• _RECORDS TO PROCESS_:
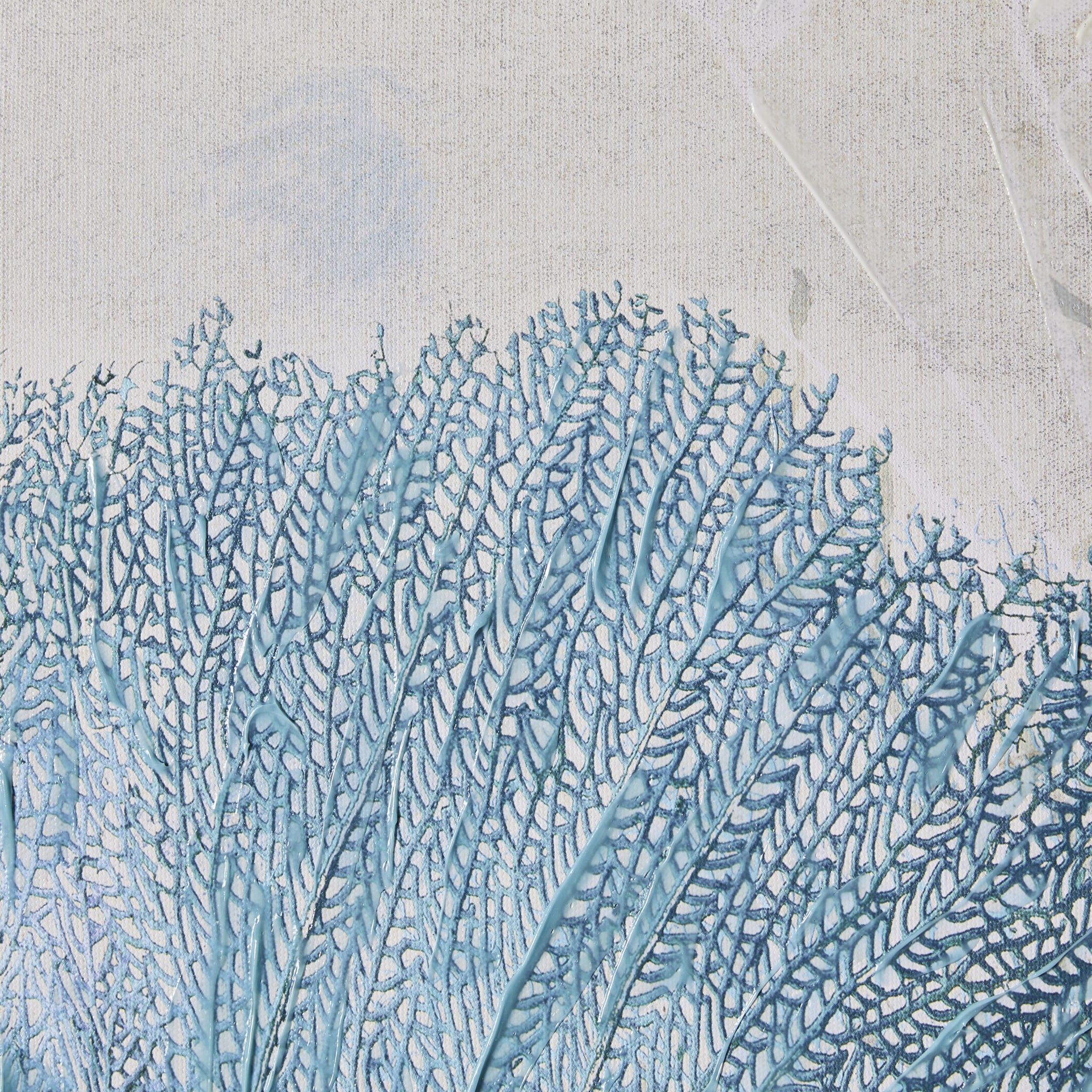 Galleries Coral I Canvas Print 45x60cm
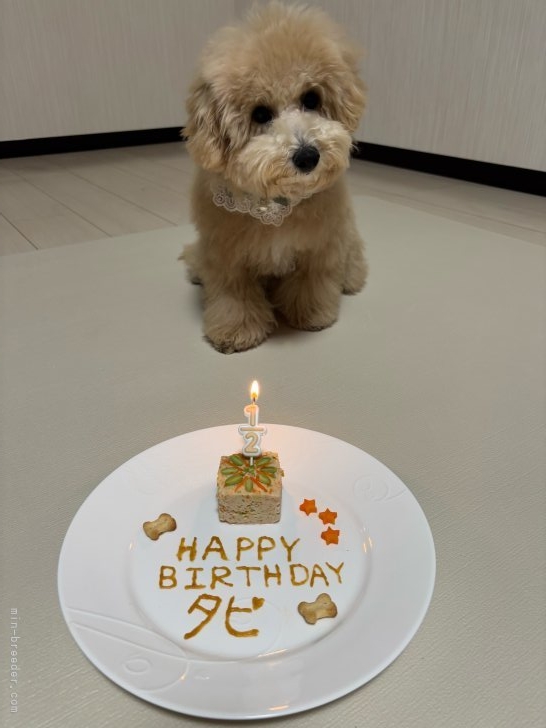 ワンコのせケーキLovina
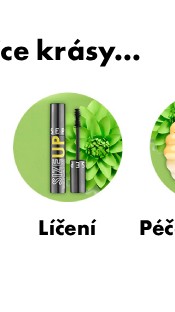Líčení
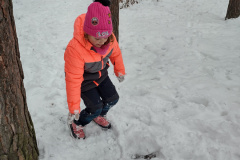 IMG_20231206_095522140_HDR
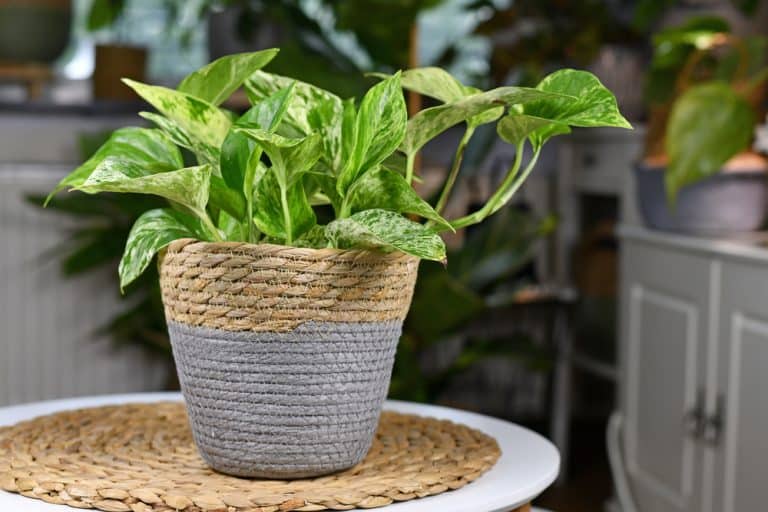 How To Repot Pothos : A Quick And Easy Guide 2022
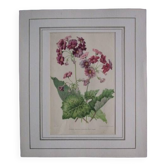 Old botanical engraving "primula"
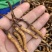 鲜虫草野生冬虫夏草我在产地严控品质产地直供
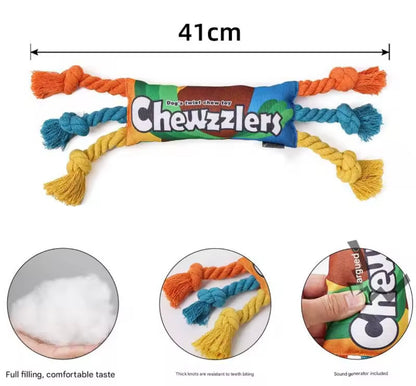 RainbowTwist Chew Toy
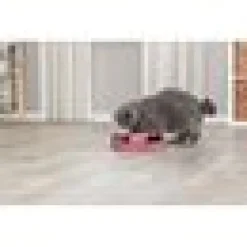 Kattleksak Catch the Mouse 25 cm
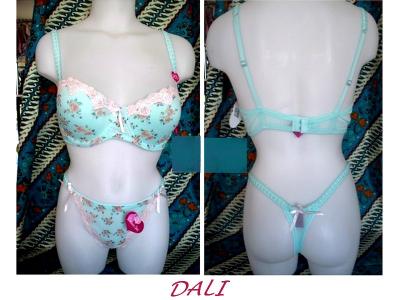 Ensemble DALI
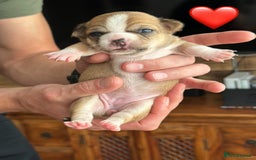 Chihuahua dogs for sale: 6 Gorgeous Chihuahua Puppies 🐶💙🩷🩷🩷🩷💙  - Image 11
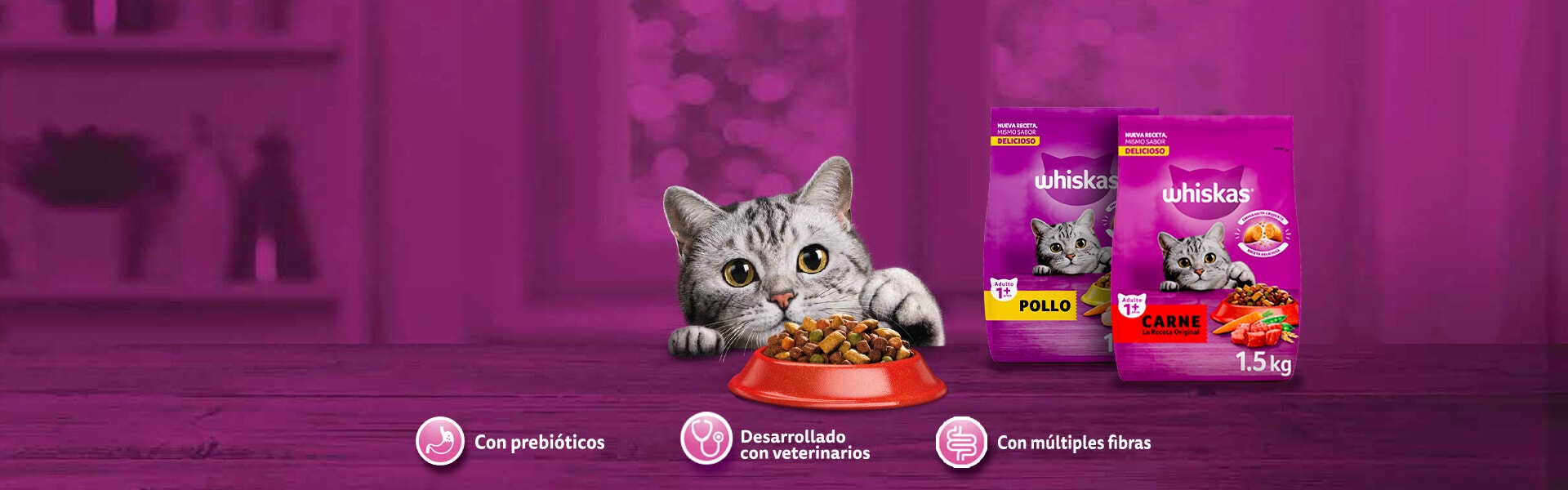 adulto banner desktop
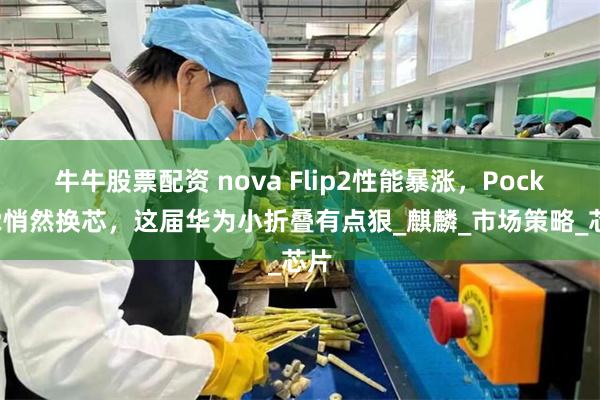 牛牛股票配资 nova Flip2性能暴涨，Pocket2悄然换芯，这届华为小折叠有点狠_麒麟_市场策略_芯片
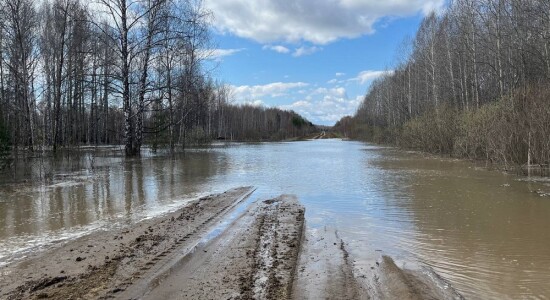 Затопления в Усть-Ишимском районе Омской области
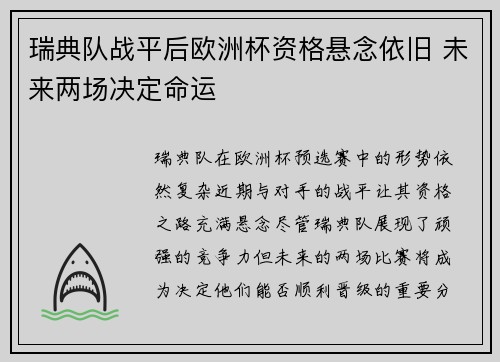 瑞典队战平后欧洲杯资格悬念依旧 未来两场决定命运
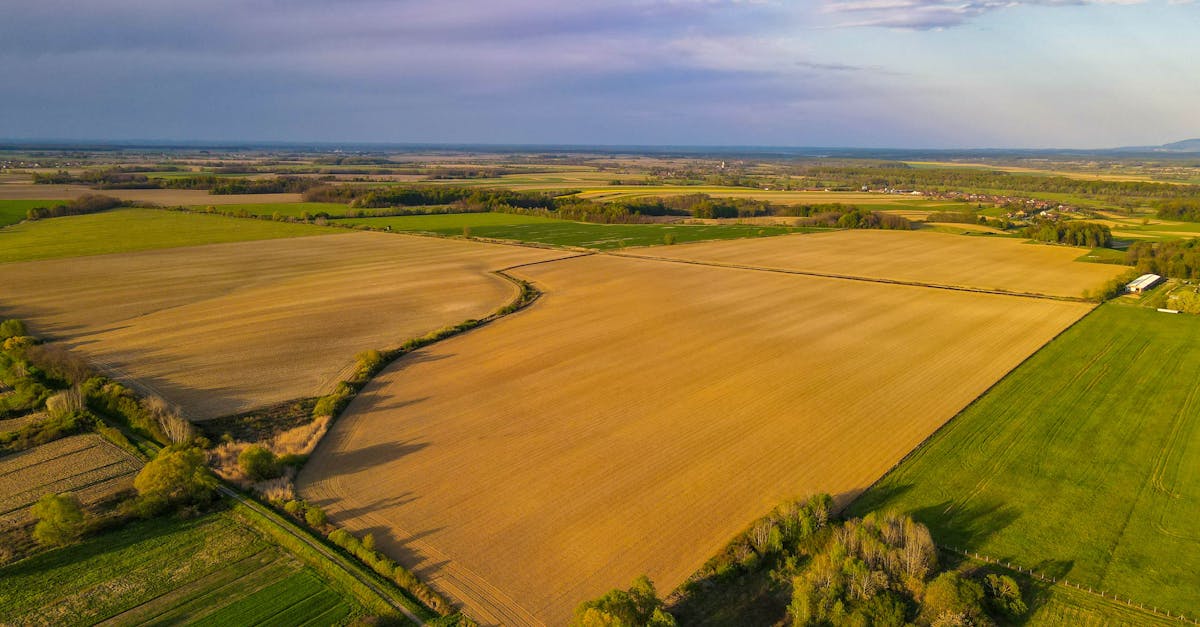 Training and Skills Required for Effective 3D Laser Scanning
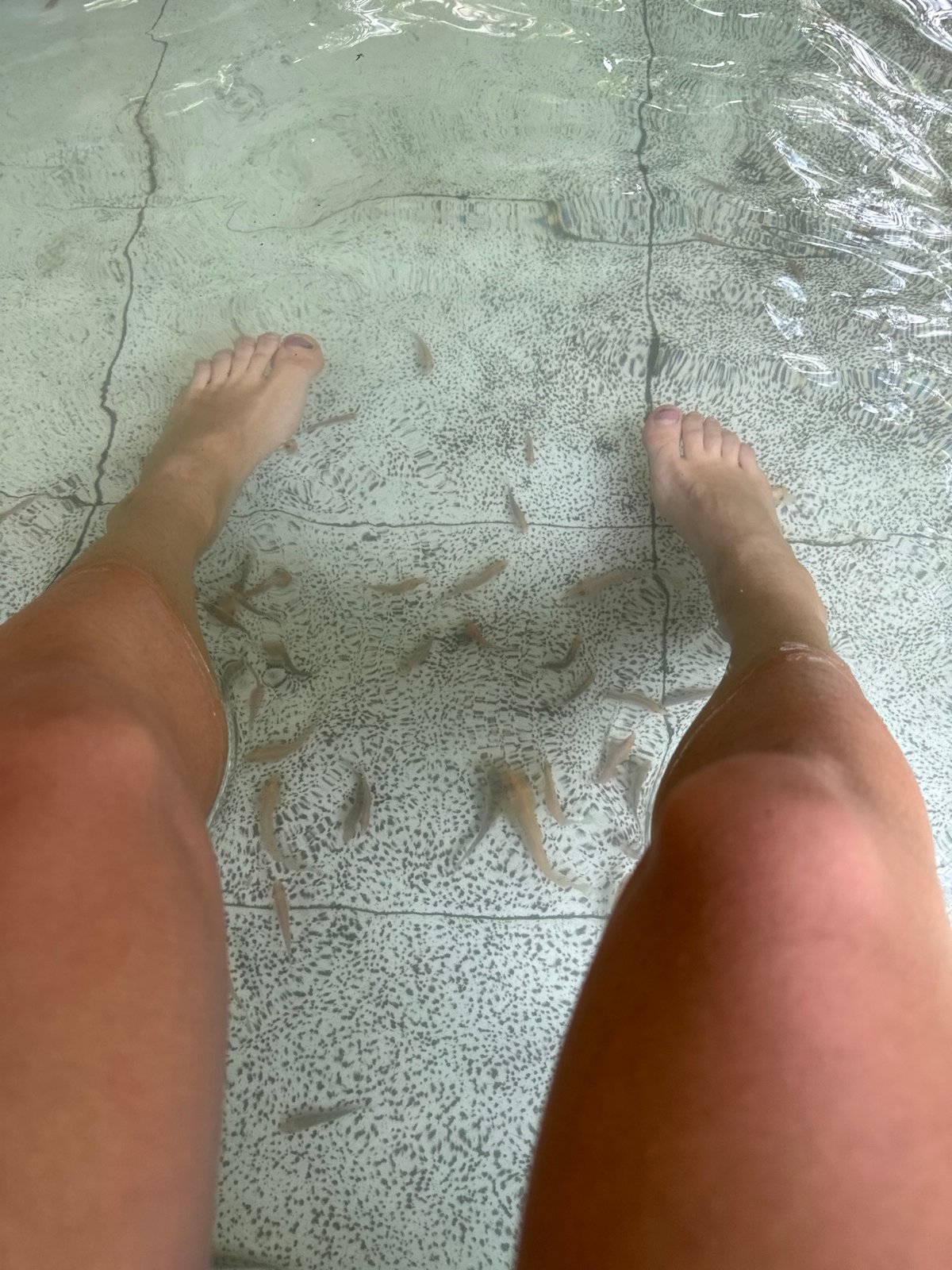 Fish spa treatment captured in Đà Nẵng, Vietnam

• _INSTRUCTIONS FOR THE TASK_:
Exact copies of the entries above are needed, without their pictures.

• _ANSWER TO THIS PROBLEM_:
 Galleries Coral I Canvas Print 45x60cm
 ワンコのせケーキLovina
Líčení
 IMG_20231206_095522140_HDR
 How To Repot Pothos : A Quick And Easy Guide 2022
 Old botanical engraving "primula"
 鲜虫草野生冬虫夏草我在产地严控品质产地直供
 RainbowTwist Chew Toy
 Kattleksak Catch the Mouse 25 cm
 Ensemble DALI
 Chihuahua dogs for sale: 6 Gorgeous Chihuahua Puppies 🐶💙🩷🩷🩷🩷💙  - Image 11
 adulto banner desktop
 牛牛股票配资 nova Flip2性能暴涨，Pocket2悄然换芯，这届华为小折叠有点狠_麒麟_市场策略_芯片
 Затопления в Усть-Ишимском районе Омской области
 瑞典队战平后欧洲杯资格悬念依旧 未来两场决定命运
 Training and Skills Required for Effective 3D Laser Scanning
 Fish spa treatment captured in Đà Nẵng, Vietnam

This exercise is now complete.